Nevertheless, it is believed that after China reopens, it may take 1-2 years for the economy to recover. Currently, direct flights from China to Thailand are only at 20-30%, which is still low and insufficient compared to pre-COVID levels. Therefore, it is suggested that the government increase direct flights from China to Thailand, as this will be crucial in bringing Chinese tourists to spend and stimulate the real estate business simultaneously.
The Thai real estate sector believes it needs to adapt quickly, especially regarding pricing. Developers are urged to adjust the prices of condos in the foreign quota to not exceed 7% over the prices for Thai buyers to enhance the attractiveness of Thai condos. In the past, developers have offered prices that were overpriced by 20-30%. If prices remain high, it is believed that this will increasingly affect the purchasing decisions of Chinese buyers, as customers can easily search for information online.
“Angel Real Estate” announces its Come Back, acquiring 20 ready-to-move-in condo projects, aiming for 7 billion baht in sales.
Overall, the agency business is believed to require time to adjust back to normal conditions, with little competition as currently, there are only 3-4 medium to large agents in the market, with a total market value of around 13,000 – 15,000 million baht per year.
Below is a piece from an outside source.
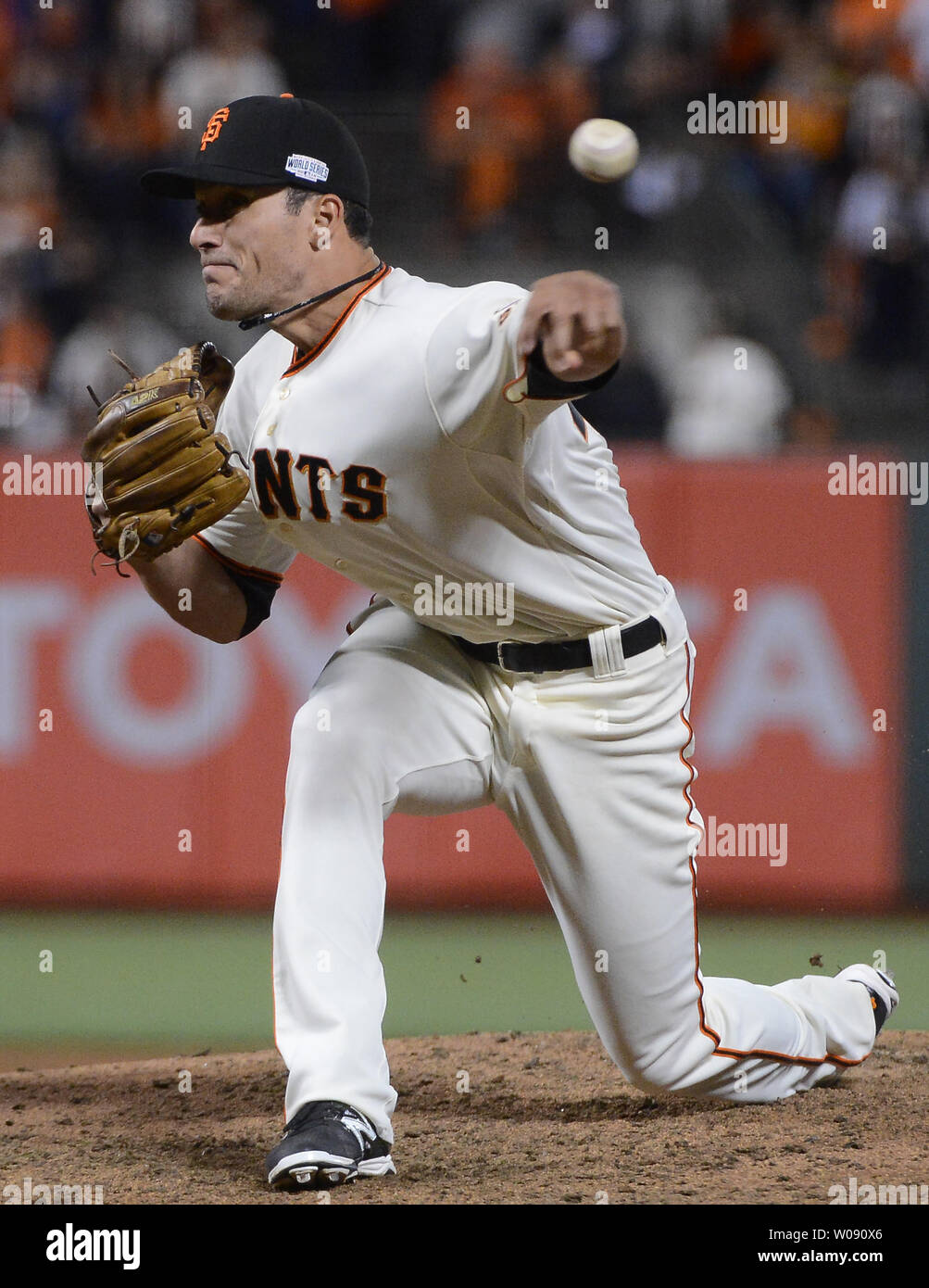 San Francisco Giants reliever Javier Lopez throws against the Kansas City Royals during the sixth inning of game 3 of the World Series at AT&T Park in San Francisco on October 24, 2014.  UPI/Terry Schmitt Stock Photo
In 2023, “Angel Real Estate” plans to re-enter the agency business, preparing to purchase 20 condo projects in both Bangkok and Chiang Mai, with a total value of over 7 billion baht to expand its portfolio this year. The sales target for this year is approximately 7 billion baht, with around 5 billion baht expected to be transferred, growing more than 10%, depending on whether the focus will be on selling ready-to-move-in units or pre-sales.
The key strategy this year is to understand customers by selecting quality products from trusted leading real estate developers such as Sansiri, Supalai, Sena, Siamese, Land and Houses, Ananda, and Orsirin, to deliver products with suitable common areas to meet the needs of real demand customers.
“The strength that customers still trust in the Angel brand is because we take responsibility, which has been our approach and policy all along, not something we just started today. Over the past 5-10 years, we have cared for and maintained contact with customers at all times. When customers have problems, our team steps in to resolve them. We have a Customer Relationship Management (CRM) system and a commitment to corporate social responsibility (CSR) that continues. We can reference our old customers. Angel has not gone anywhere,”Mr. Simon Lee concluded.